Birkaç hafta önce İstanbul’da HES kodu olmayanların toplu taşıma araçlarına binemeyecekleri yönünde bir haber geçildi. Konu ile ilgili yapılan röportajlarda bir göçmen vatandaşımızın insanın içini sızlatan feryadı vardı.
“Ben her gün işime toplu taşıma aracıyla gidip geliyorum. Bu işi de zor buldum. Kalabalık bir ailem var ve sadece ben iş bulabildim. Kirada oturuyoruz. HES kodu almak için çok uğraştım ama bir türlü HES kodu alamadım. Çünkü Türkiye Cumhuriyeti vatandaşı olmadığım için herkes gibi kolay HES kodu alamıyorum. Göçmen bürosunda verilen belgeyle de HES kodu alınamıyor. Valilikten aldığım belge de sorunumu çözmüyor. Günlerdir bir HES kodu kayıdım olsun diye uğraşıyorum ama bir türlü bir çözüm bulamadım. Şimdi ben ne yapayım? Yarın işe gidemezsem işsiz kalacağım. Allah rızası için bu uygulamayı biraz daha bekletin yada bizim devlet kayıtlarında görünmemiz için bir çare bulun.“ diyordu.
Sorunu böyle birkaç satırla paylaştığımda ne kadar basit gibi geliyor değil mi? Türkiye’nin bu kadar devasa sorunları dururken, siyasetçilerin varlıklarını sürdürebilmesi için devasa sorunlar yaratmaları gerekiyor. Ya da devasa konular açmalarına ihtiyaçları var. O zaman insanlara dönüp memleketin BEKA sorunu var, siz ne sızlanıyorsunuz demek, onların lafını ağızlarına tıkmak mümkün olabilir. Oysa başkaları için sıradan küçük görünen sorunlar kişinin kendisi için devasa ve hayatidir. Bizim hepimizin gözden kaçırdığı mesele bu.

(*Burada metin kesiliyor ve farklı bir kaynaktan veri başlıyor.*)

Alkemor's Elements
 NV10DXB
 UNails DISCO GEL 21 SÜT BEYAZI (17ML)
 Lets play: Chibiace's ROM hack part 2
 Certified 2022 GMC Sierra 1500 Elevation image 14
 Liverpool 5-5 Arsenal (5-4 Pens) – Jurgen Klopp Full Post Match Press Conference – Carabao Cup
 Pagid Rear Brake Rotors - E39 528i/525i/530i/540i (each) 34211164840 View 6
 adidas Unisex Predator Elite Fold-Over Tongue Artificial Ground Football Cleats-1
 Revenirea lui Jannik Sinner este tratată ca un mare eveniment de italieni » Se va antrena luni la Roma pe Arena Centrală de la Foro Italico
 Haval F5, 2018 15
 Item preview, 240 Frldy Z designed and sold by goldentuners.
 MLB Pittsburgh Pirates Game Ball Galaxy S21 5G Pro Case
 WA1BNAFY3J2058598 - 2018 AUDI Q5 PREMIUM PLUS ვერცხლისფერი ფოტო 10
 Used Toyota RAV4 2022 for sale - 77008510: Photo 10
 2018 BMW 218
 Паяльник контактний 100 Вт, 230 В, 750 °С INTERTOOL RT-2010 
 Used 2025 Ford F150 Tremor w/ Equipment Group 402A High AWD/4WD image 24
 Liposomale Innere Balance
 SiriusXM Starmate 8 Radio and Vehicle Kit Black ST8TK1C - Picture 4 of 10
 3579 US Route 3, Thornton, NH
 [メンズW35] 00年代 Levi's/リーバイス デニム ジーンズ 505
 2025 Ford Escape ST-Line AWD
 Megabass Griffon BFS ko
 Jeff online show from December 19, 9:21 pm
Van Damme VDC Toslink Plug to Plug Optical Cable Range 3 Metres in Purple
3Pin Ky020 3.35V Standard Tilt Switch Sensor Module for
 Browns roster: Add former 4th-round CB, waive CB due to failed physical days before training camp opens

Toplumsal duyarlılığımızı kaybettik. Artık birlik ve beraberlikten bahsetmek hayalperestlik gibi bir şey. Birlik beraberlik denince vatan millet noktasında değil, cumhur, millet kutuplarında birlik beraberlik anlaşılıyor. Hatta amaçlanıyor.
12 Eylül öncesi de böyle olmuştu. O zamanlar sağ, sol diye toplum ayrıştırılıp acımasızca birbirine kırdırıldı. Yıllar sonra anladık her şeyi. Bütün meselenin iç karışıklık çıkarıp darbe zemini hazırlamak olduğunu. Her zamankinden çok kaygı duyulması, uyanık olunması, sorumlu hareket edilmesi gereken bir aşamadayız.
Tüm bu sorunların nedeni hiç kuşkusuz siyasiler. Onların kaybetme korkuları.
Ne pahasına olursa olsun daha fazla iktidar, daha fazla güç takıntıları.
Oysa kendilerine verilen şeyin tam adı; görev. Hem de geçici bir görev.
Bu görevi veren de vatandaşlar.
İyi yaptıklarında bu göreve devam edecekler, yapamadıklarında ise vatandaş onların yerlerine yapabilecek bir başkasını getirecektir. Gerisi gerçek değil.
Yani diyeceğim o ki vatandaşlarımız büyük bir yıkım içerisinde. Herkes yarınından kuşkulu.
En kötüsü de vatandaşlarımız sorun sarmalında kendisini sahipsiz, kimsesiz hissediyor. Şimdi bizi yönetenlerin bir süreliğine kendi bekalarını bir kenara bırakıp biraz da vatandaşın sorunlarına eğilmesi lazım.
Suriyeli bir göçmen babanın HES kodu alamaması onun için bir beka meselesidir.
İşini kaybeden biri için bu durum bir beka meselesidir.
Kirasını, kredisini ödeyememek bir beka meselesidir.
Çocuğuna harçlık verememek, üst baş alamamak beka meselesidir.
Evine alışveriş yapamamak, sevdiklerinin yüzüne bakamamak beka meselesidir.
Bu tür yaşamsal sorunlar yakıcı biçimde yaşanırken sizinkisi sadece şımarıklık olabilir.
Sorunlarımızı konuşurken biraz empati yapın lütfen hiçbir şey kaybetmezsiniz.
Belki bir zaman içerisinde kaybettiğiniz, merhamet, vicdan gibi insani değerlerinizi de yeniden bulacaksınız.
Sorunların önemi ya da önemsizliği, büyüklüğü ya da küçüklüğü meseleye nereden baktığınızla ilgilidir.
O yüzden her sorun, yaşayanı için büyük ve önemlidir.